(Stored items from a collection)
==========

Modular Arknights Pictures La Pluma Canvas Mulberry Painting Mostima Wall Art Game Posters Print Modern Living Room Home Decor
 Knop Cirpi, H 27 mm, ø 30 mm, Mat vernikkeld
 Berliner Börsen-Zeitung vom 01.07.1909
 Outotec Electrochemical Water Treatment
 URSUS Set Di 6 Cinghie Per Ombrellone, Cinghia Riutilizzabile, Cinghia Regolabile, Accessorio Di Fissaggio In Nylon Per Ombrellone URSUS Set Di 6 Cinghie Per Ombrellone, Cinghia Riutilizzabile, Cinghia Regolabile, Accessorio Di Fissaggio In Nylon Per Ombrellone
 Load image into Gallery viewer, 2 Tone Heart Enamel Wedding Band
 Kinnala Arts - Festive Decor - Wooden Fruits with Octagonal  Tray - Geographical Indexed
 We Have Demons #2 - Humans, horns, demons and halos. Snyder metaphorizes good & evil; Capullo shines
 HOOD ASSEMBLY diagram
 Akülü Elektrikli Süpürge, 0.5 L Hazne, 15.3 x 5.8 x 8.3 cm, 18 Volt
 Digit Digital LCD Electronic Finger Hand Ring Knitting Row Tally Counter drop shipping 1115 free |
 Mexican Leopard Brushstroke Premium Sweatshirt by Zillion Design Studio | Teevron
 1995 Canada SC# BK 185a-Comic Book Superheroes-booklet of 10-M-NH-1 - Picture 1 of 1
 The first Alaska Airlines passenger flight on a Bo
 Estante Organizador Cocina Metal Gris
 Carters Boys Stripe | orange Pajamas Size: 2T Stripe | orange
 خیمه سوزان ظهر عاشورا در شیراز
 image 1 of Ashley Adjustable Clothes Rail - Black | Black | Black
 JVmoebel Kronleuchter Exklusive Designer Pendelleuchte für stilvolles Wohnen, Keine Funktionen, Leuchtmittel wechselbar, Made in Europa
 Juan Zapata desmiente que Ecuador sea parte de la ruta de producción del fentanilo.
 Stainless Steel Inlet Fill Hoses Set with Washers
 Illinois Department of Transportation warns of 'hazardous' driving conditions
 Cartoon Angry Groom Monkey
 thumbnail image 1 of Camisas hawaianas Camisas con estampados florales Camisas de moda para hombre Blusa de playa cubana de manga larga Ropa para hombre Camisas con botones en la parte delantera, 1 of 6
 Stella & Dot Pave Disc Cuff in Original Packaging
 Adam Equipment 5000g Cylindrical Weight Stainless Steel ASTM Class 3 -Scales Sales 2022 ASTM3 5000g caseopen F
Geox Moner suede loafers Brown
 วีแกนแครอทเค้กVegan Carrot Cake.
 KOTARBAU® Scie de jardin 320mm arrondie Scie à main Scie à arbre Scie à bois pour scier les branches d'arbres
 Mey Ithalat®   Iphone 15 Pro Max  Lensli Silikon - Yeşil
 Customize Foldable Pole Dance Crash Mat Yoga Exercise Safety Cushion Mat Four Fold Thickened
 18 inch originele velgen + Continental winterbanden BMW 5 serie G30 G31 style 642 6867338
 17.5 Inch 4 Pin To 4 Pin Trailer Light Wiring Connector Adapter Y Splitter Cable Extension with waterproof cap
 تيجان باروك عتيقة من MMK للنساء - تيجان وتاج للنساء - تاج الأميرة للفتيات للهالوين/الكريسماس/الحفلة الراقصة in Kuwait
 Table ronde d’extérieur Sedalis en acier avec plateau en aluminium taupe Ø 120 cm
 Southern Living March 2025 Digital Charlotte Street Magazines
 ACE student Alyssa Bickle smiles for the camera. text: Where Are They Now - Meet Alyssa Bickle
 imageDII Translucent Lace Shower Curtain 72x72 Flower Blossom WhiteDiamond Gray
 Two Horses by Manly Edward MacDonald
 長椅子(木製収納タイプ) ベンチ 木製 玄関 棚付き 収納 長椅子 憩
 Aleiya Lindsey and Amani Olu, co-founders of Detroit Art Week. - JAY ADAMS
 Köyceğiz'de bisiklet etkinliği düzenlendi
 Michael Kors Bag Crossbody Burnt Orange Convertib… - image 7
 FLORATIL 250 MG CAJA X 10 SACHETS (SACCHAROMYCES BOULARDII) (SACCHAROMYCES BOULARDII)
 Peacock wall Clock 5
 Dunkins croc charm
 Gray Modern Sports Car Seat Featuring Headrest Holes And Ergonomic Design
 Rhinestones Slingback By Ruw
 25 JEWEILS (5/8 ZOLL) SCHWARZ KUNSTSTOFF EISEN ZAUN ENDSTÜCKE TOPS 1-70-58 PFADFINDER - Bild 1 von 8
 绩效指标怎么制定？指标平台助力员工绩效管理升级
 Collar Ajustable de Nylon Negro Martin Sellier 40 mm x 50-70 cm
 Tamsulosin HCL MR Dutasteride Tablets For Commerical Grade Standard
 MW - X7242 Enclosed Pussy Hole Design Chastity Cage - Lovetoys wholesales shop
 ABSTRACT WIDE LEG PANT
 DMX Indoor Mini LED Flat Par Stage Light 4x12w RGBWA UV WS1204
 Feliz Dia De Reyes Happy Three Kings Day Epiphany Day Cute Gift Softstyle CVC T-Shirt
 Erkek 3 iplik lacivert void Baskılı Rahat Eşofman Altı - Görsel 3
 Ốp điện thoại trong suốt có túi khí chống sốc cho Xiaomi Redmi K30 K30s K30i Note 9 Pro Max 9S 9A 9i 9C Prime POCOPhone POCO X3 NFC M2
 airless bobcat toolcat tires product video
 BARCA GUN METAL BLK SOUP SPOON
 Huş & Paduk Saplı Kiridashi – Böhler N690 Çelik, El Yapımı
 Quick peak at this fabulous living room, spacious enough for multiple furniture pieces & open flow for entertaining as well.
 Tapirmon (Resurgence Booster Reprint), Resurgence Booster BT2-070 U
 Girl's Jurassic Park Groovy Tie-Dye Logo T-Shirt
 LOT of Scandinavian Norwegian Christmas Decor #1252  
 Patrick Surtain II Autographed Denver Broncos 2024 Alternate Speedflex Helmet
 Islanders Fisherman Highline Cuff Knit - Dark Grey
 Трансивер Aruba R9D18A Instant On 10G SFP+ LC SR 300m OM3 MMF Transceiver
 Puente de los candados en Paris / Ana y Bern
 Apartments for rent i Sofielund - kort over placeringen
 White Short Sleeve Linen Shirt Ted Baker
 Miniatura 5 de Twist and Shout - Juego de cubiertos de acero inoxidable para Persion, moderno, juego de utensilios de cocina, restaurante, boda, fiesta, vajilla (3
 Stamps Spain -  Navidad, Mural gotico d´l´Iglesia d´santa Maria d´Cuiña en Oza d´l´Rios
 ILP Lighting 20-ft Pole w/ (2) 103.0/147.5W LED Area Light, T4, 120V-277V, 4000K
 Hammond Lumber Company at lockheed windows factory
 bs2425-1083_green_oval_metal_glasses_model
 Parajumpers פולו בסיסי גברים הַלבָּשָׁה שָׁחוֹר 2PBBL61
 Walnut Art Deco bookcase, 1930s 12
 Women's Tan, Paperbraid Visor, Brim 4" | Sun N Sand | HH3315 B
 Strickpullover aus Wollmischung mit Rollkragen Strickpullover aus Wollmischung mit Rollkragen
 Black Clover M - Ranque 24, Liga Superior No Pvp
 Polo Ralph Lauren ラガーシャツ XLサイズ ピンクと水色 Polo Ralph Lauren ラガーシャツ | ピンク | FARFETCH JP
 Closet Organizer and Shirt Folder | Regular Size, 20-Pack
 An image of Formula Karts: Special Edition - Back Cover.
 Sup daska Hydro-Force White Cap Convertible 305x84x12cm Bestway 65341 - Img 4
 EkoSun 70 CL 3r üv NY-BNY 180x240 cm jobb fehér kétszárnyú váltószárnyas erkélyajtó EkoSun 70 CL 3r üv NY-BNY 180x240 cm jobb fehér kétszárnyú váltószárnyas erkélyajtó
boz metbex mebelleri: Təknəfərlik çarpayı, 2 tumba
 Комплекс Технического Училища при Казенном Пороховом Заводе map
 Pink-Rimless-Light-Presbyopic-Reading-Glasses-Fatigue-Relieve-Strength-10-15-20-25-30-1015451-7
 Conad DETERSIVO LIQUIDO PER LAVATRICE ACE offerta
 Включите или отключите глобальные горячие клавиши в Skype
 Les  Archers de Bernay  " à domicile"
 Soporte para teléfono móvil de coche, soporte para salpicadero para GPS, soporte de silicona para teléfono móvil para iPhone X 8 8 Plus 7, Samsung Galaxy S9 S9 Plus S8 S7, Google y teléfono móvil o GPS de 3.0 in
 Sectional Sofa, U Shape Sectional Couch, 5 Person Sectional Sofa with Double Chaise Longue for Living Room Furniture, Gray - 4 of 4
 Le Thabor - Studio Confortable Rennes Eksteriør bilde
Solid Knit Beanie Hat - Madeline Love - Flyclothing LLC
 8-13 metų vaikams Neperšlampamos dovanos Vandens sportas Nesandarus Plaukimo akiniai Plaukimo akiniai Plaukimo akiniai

==========

→ DIRECTIONS FOR THIS TASK: All that is needed is the exact run of lines above from the line containing "Sectional Sofa, U" through the line containing "Solid Knit Beanie", both of them included.

→ PROBLEM SOLUTION:
 Sectional Sofa, U Shape Sectional Couch, 5 Person Sectional Sofa with Double Chaise Longue for Living Room Furniture, Gray - 4 of 4
 Le Thabor - Studio Confortable Rennes Eksteriør bilde
Solid Knit Beanie Hat - Madeline Love - Flyclothing LLC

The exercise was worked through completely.